An Irish immigrant’s tale is a tender, stirring story about finding love where it is least expected.
In Longing for Home, the latest historical romance by Sarah M. Eden, a woman struggles to right the terrible wrong she committed as a child, but finds her plans changing in the face of the care and love of two new men in her life. It is a tender and heartwarming story of love, forgiveness, and belonging, that will have readers laughing, weeping, and sighing with pleasure.
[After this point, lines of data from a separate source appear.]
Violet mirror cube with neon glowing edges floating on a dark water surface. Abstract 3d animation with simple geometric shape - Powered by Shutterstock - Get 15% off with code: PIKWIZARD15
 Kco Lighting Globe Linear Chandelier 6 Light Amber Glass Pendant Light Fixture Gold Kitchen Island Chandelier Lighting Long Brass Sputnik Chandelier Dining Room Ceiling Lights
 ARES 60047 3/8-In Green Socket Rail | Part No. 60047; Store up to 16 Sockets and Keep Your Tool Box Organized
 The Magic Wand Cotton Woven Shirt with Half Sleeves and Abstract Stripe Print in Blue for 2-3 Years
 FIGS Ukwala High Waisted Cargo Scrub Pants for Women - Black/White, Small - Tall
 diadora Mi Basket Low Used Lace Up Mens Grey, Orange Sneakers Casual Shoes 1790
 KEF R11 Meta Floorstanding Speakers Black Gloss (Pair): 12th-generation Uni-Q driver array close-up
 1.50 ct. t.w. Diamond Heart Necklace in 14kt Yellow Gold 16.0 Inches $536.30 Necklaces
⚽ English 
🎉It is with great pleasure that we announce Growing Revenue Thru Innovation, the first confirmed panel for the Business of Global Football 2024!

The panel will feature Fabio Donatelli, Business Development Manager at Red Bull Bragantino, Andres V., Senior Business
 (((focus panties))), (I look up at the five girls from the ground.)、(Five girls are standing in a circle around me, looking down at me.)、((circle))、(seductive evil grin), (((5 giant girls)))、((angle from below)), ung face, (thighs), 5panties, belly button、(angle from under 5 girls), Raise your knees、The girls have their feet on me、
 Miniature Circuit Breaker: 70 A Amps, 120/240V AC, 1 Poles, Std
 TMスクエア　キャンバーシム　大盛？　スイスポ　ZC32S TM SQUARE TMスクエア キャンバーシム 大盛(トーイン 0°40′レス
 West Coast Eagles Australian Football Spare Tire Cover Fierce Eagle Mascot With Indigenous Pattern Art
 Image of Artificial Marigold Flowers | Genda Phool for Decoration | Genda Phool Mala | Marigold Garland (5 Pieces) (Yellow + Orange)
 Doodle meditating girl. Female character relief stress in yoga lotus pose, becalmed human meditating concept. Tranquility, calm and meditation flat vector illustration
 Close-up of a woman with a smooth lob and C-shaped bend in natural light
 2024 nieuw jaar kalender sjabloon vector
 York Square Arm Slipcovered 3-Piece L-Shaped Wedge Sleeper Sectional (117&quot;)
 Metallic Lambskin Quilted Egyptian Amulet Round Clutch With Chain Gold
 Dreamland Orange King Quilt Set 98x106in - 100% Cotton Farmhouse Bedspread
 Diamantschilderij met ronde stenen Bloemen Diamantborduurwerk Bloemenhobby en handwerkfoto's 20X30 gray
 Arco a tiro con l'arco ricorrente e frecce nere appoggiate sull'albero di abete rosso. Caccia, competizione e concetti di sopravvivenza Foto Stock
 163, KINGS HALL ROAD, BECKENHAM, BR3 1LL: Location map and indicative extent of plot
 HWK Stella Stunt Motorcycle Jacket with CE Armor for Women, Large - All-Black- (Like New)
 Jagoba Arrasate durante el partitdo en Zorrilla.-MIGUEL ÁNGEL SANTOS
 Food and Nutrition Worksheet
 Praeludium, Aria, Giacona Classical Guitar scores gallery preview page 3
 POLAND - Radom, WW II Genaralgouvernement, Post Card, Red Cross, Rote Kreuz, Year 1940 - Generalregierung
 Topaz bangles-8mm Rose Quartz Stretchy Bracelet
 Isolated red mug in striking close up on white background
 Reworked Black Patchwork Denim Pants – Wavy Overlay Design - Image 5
Katie Macauley has been a housekeeper since the tender age of eight when her father gave her away. She came to America determined to earn enough money to return to Ireland and pay restitution to her family for what she believes is her fault regarding the loss of her father’s land and her sister’s life. Their forgiveness has become her desperate quest, but with her savings lacking, she agrees to a post as housekeeper in Hope Springs, Wyoming Territory whose pay promises her return within the year.
Upon her arrival, the overly handsome, confident charmer Tavish O’Connor has her bristling. Her employer, Joseph Archer, a surprisingly younger man than she had expected, realizes she is Irish and tries to send her away. Katie wonders if she has made the right decision in coming. She doesn’t realize the mess she has just stepped into with the intense division in town between the Americans and the Irish, nor what difficulty her new post will create. So, with desperation pushing her, she pleads for her job. Friendships grow and love blossoms in the weeks that follow and despite growing tension and threats, Katie finds herself happy and having to make an unanticipated decision.
This story is not merely a tale of love. Longing for Home brings a reminder of times past, when immigrants suffered in a country claiming freedom to all. With so many wanting to share the space, learning to get along would sometimes prove challenging. Eden captures that friction very well in her story. Back then, it was nothing to treat another race shamefully, to the point of pure contempt to women: “He lowered his voice to a whisper. ‘I would not allow a filthy Irishwoman to buy a half-penny’s worth of goods on credit. So you would do well to keep quiet and out of the way where your kind belongs.’”
Longing for Home is a longer book, but it is an easy, pleasant read with characters well drawn and easy to sympathize with. The many references to Irish lore and dialect, such as “lass” and “a lovely colleen, she is” will bring a smile of appreciation and, no doubt, a change in the reader’s own accent.
The ending lacks closure, yet in the time frame given it ‘s unrealistic to have solved every problem. It does, however, leave the reader with the pleasant sense that there is a book two in the making.